▶ _ABOUT THIS EXERCISE_:
Below are the records; extract from them the line containing "1932 Czechoslovakia Cover." to the line containing "Timsah Charm", both lines included, exactly and with no pictures.

▶ _RECORDS PROVIDED_:
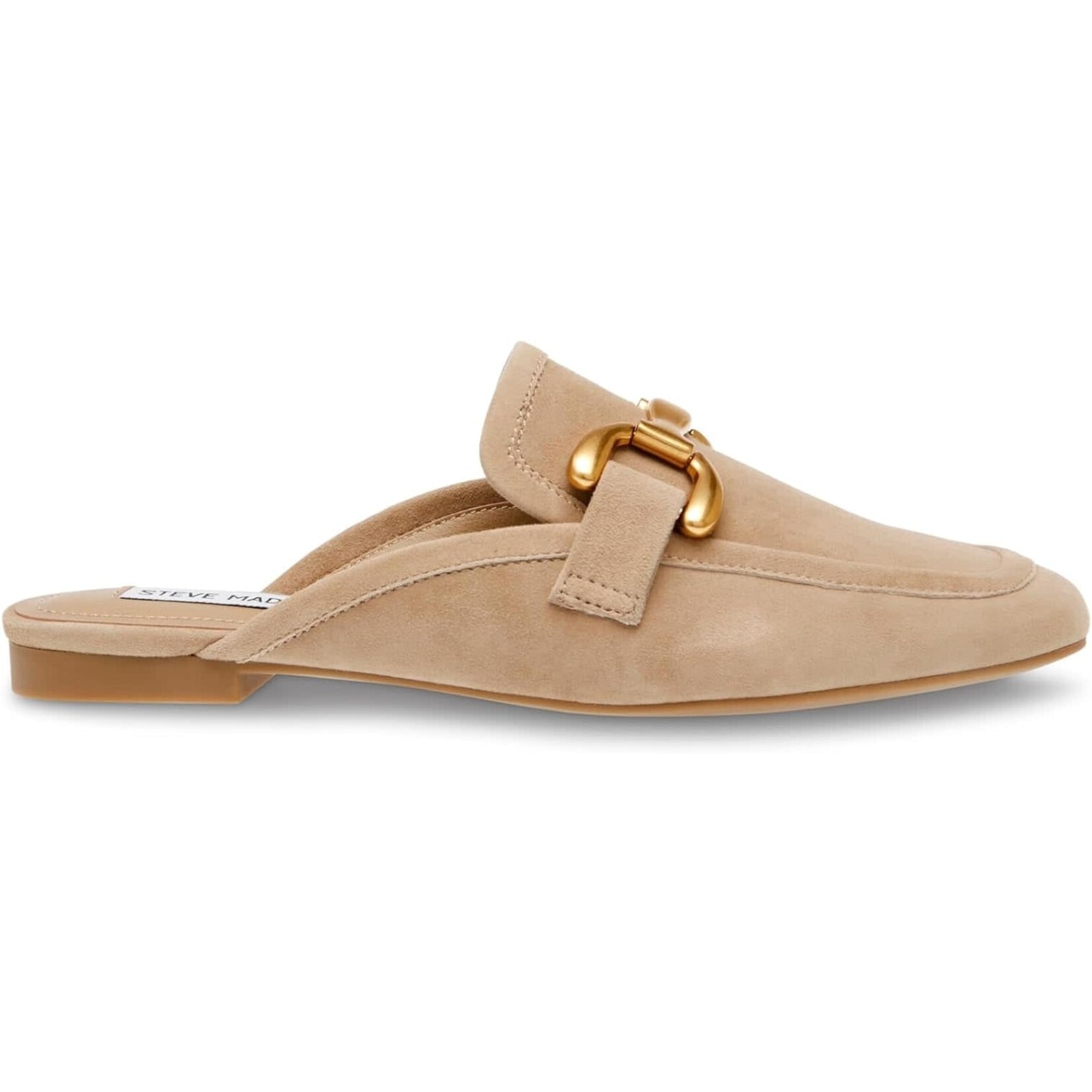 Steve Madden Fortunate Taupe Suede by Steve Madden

--

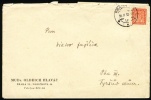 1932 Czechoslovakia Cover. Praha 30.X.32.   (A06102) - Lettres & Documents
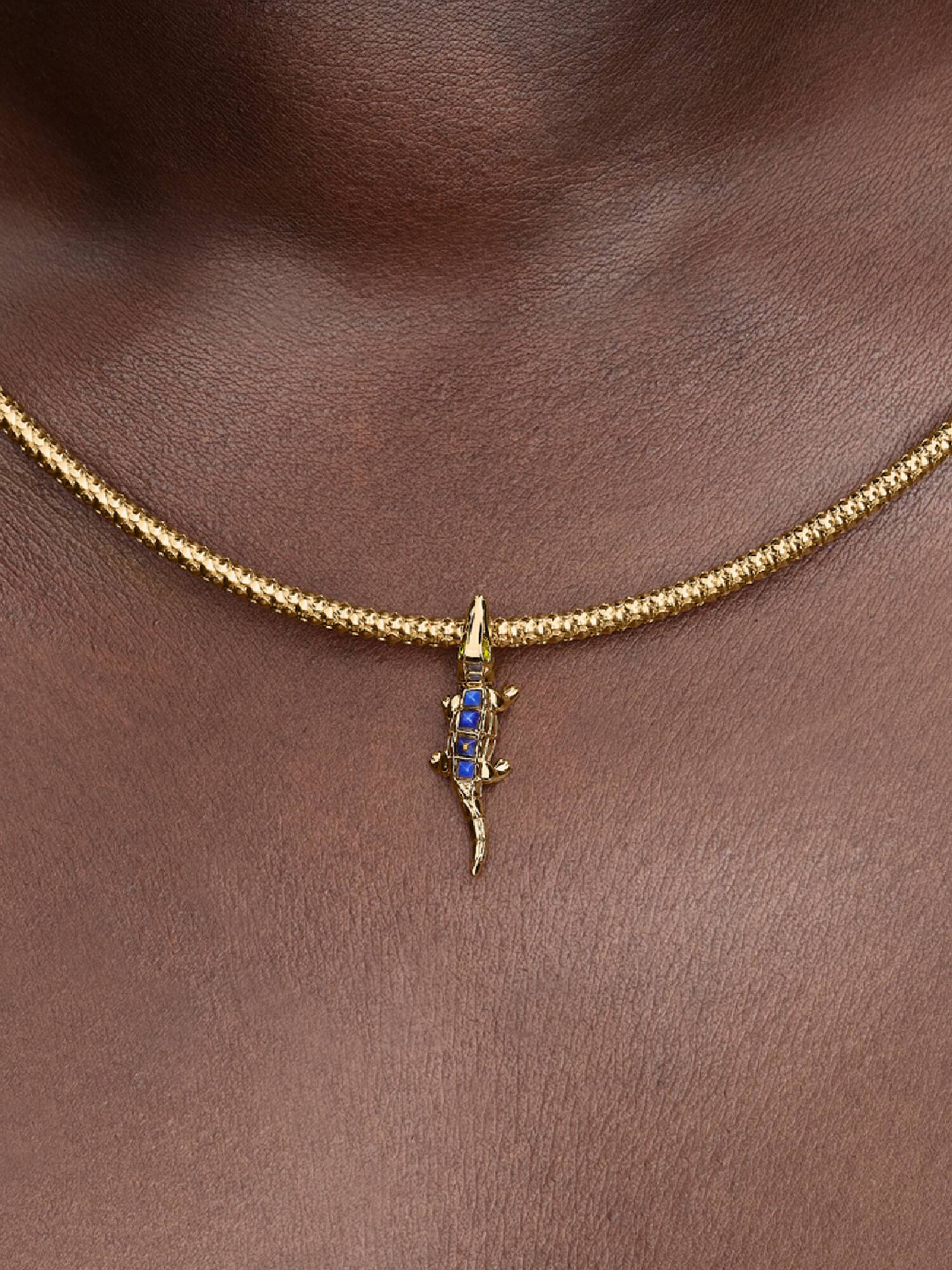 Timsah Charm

▶ _RESULT FOR THIS EXERCISE_:
 1932 Czechoslovakia Cover. Praha 30.X.32.   (A06102) - Lettres & Documents
 Timsah Charm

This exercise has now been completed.